Britain has publicly accused Iran of supplying Shiite militants in southern Iraq with such devices where they have caused the deaths of several dozen British soldiers.

Western diplomatic sources say that the devices found in Afghanistan are of inferior quality to those seen in Iraq and therefore not in themselves conclusive proof of Iranian state supply to the Taliban. However, military sources in Kabul said they offered clear evidence of a long-feared “technology transfer” from the Iraq insurgency.

“There was an Explosively Formed Device found near Herat. Certain technologies are a cast-iron indicator of Iranian state involvement and this would be if it was from the right components,” one senior Western diplomat said. “But it is a bit boy scout. The build quality and the components are not to the standard that would prove state support.”

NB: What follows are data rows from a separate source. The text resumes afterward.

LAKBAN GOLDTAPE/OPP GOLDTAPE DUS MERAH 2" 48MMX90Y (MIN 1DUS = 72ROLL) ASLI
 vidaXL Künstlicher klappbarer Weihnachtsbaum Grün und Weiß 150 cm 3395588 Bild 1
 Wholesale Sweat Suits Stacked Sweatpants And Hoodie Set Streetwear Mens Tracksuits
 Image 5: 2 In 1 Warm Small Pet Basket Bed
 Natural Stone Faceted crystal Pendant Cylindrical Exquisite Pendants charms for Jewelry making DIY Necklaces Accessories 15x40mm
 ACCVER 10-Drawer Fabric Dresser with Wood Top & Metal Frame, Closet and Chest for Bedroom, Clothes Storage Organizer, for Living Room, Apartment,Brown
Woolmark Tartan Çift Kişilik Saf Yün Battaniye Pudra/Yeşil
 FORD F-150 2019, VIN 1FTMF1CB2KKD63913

However, Major John Thomas, a NATO spokesman, said, “These devices are sophisticated enough that we are very interested in finding the source of their manufacture so that we could prevent more from being made.”

The information came after American and Iranian diplomats met in Baghdad for the first formal face-to-face talks between the two countries in almost three decades, with America accusing Iran of supplying arms to Iraqi militants.

There remains uncertainty within the diplomatic community over whether recent seizures of weapons along the Iranian border represent the work of the Iranian state, dissident elements within it, or simply a failure to control the movement of black market weapons.

British and American Special Forces have intercepted a number of truckloads of weapons crossing the desolate Iranian border into Nimroz province.

In one they found a working SAM–7 ground-to-air missile, which pose a potent threat to British helicopters.